Diamond Mountain Ordination

We have seen a photograph of you wearing long hair, with a female companion at your side, apparently giving ordination. This would seem to conflict with the rules of Vinaya, and as you know, the Gelug tradition makes a point of upholding these very strictly.
— Chhime R. Chhoekyapa, Joint Secretary, Office of H.H. the Dalai Lama

At a novice ordination ceremony on Monday, January 16, 2006 at Diamond Mountain in Arizona, Geshe Michael Roach broke with normal practice in several ways, which some may find concerning. For the sake of this article, we will assume that Geshe Michael Roach has not committed a root downfall and is thus qualified to give ordination.

The main points of concern are:

  1. Christie McNally (a female layperson) was involved in the ceremony, sitting on the stage throughout, and was the actual one who cut the hair of the two being ordained. One of these was a young man ordaining as a monk, and beginning a life of chastity.
  2. Most serious. As the new monk was being given his vows, Geshe Michael Roach stopped and requested a young female student to come to the platform and kneel next to the monk being ordained. He beckoned her to kneel so close to the monk being ordained that their heads and bodies were touching. The girl and monk are not related in any way, and the girl seemed surprised by the request. She had no idea it was going to happen.

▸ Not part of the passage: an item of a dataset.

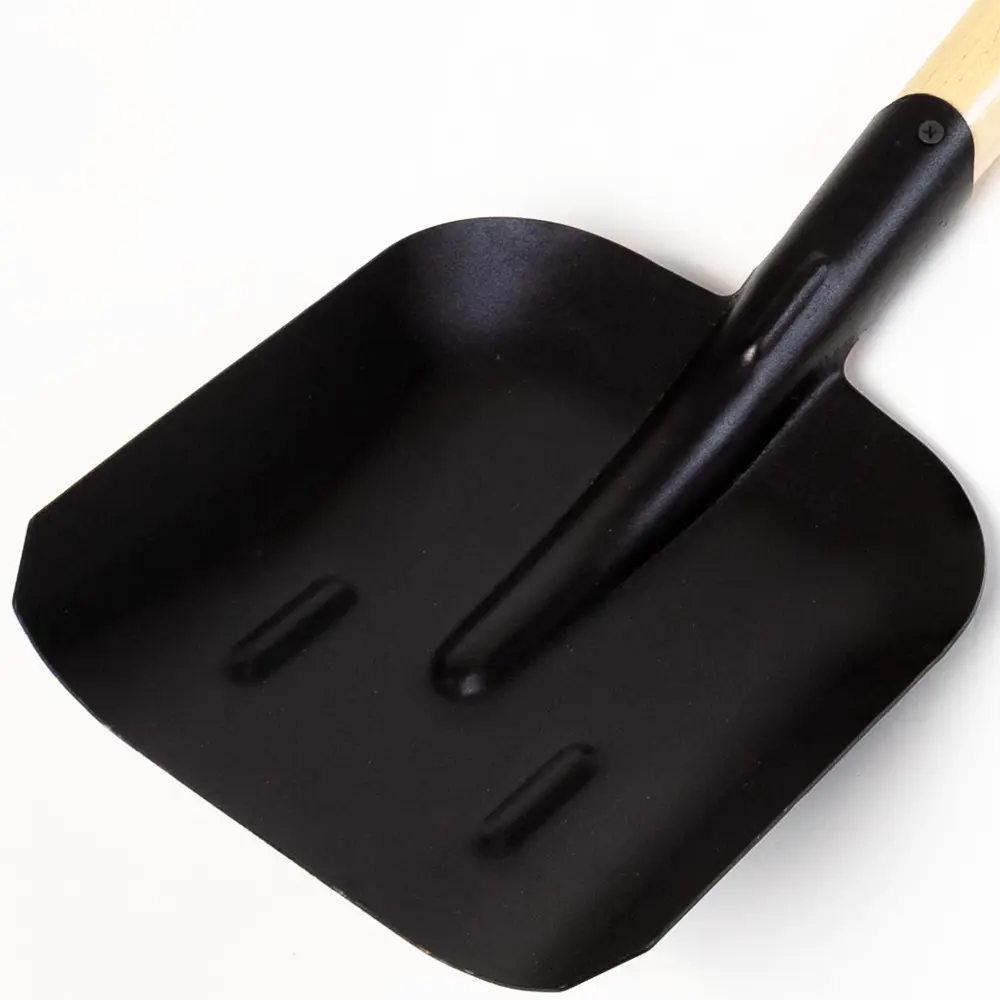 Лопата совковая Павловская заря Zarya Pro 151 см сталь с черенком STLM-2000819 - Вид №1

Point 3, above,  was understood by some present as Geshe Michael Roach giving a consort to the newly ordained monk, new to the Dharma whose vows of chastity are fresh. To involve a lady in the ordination of a new monk would seem to be against the concept of ordination. If this was not the giving of a consort, then we invite Geshe Michael Roach to explain why this was done, and we shall publish his reply on this site.

It appeared to me that Geshe Michael Roach was giving a consort to the new monk
— A. Simmons, present at the event.

What did that look like to you? Like he was giving him a consort
— B. Pearson, present at the event.

I can’t think of anything else it would be but offering a consort.
— E. Prather, present at the event.

Post ordination, a party with food and drinks was held in the temple. The newly ordained monk and nun partook freely of these refreshments, ignoring or unaware of their newly made vow not to eat after midday. It is generally understood that newly ordained sangha members should keep all of their vows very purely for as long as possible after their ordination, whilst the vows are still fresh.